Amazon Web Services (AWS) Hardware

By Bernard Golden

Unlike most of its competitors, Amazon builds its hardware infrastructure from commodity components. Commodity, in this case, refers to using equipment from lesser-known manufacturers who charge less than their brand-name competitors. For components for which commodity offerings aren’t available, Amazon (known as a ferocious negotiator) gets rock-bottom prices.

On the hardware side of the AWS offering, Amazon’s approach is clear: Buy equipment as cheaply as possible. But wait, you may say, won’t the commodity approach result in a less reliable infrastructure? After all, the brand-name hardware providers assert that one benefit of paying premium prices is that you get higher-quality gear.

Well . . . yes and no. It may be true that premium-priced equipment (traditionally called enterprise equipment because of the assumption that large enterprises require more reliability and are willing to pay extra to obtain it) is more reliable in an apples-to-apples comparison. That is, an enterprise-grade server lasts longer and suffers fewer outages than its commodity-class counterpart.

The issue, from Amazon’s perspective, is how much more reliable the enterprise gear is than the commodity version, and how much that improved reliability is worth. In other words, it needs to know the cost-benefit ratio of enterprise-versus-commodity.

Making this evaluation more challenging is a fundamental fact: At the scale on which an Amazon operates (remember that it has nearly half a million servers running in its AWS service), equipment — no matter who provides it — is breaking all the time.

If you’re a cloud provider with an infrastructure the size of Amazon’s, you have to assume, for every type of hardware you use, an endless round of crashed disk drives, fried motherboards, packet-dropping network switches, and on and on.

Therefore, even if you buy the highest-quality, most expensive gear available, you’ll still end up (if you’re fortunate enough to grow into a very large cloud computing provider like, say, Amazon) with an unreliable infrastructure.

Put another way, at a very large scale, even highly reliable individual components still result in an unreliable overall infrastructure because of the failure of components, as rare as the failure of a specific piece of equipment may be.
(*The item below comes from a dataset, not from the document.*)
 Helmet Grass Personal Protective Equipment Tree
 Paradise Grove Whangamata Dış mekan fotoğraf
The scale at which Amazon operates affects other aspects of its hardware infrastructure as well. Besides components such as servers, networks, and storage, data centers also have power supplies, cooling, generators, and backup batteries. Depending on the specific component, Amazon may have to use custom-designed equipment to operate at the scale required.
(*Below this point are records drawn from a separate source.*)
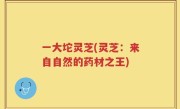 一大坨灵芝(灵芝：来自自然的药材之王)
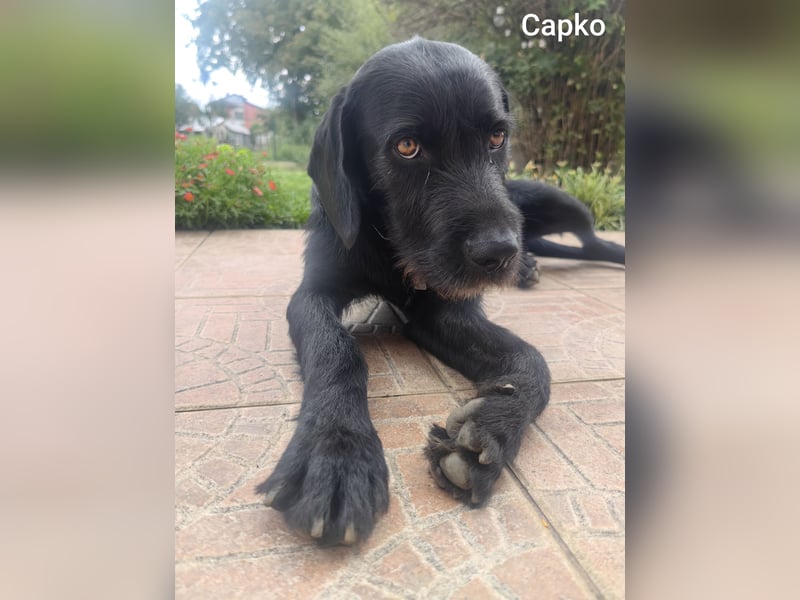 Capko – schwarz, hübsch und einfach nur toll………….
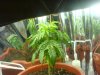 PLANT4FIM.jpg
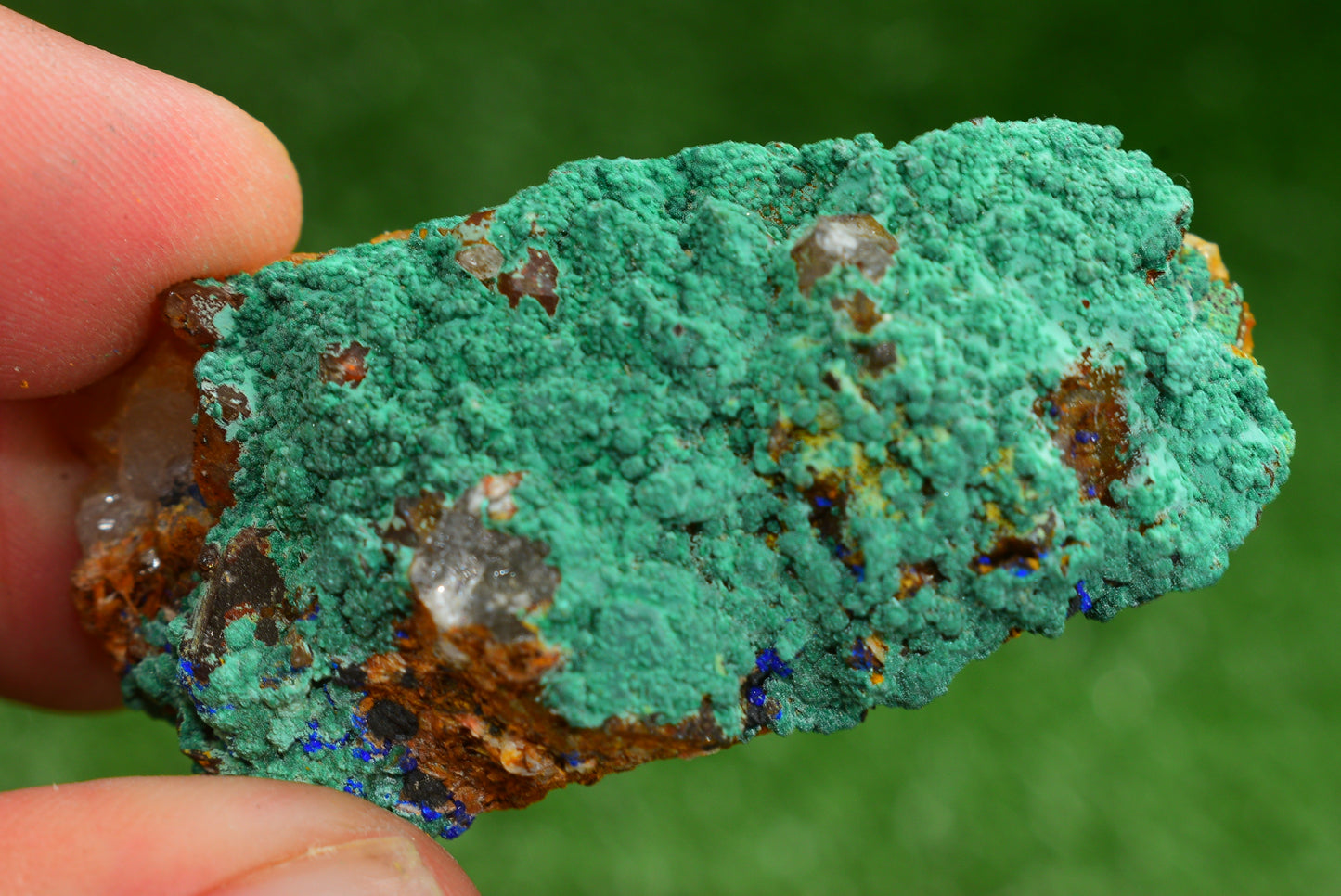 Azurite over Malachite Crystal from Morocco - Freeform Cluster Shape, Natural and Genuine - MeteoriteNwa.com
Think of AWS hardware infrastructure this way: If you had to design and operate data centers to deal with massive scale and in a way that aligns with a corporate mandate to operate inexpensively, you’d probably end up with a solution much like Amazon’s. You’d use commodity computing equipment whenever possible, jawbone prices down when you couldn’t obtain commodity offerings, and custom-design equipment to manage your unusually large-scale operation.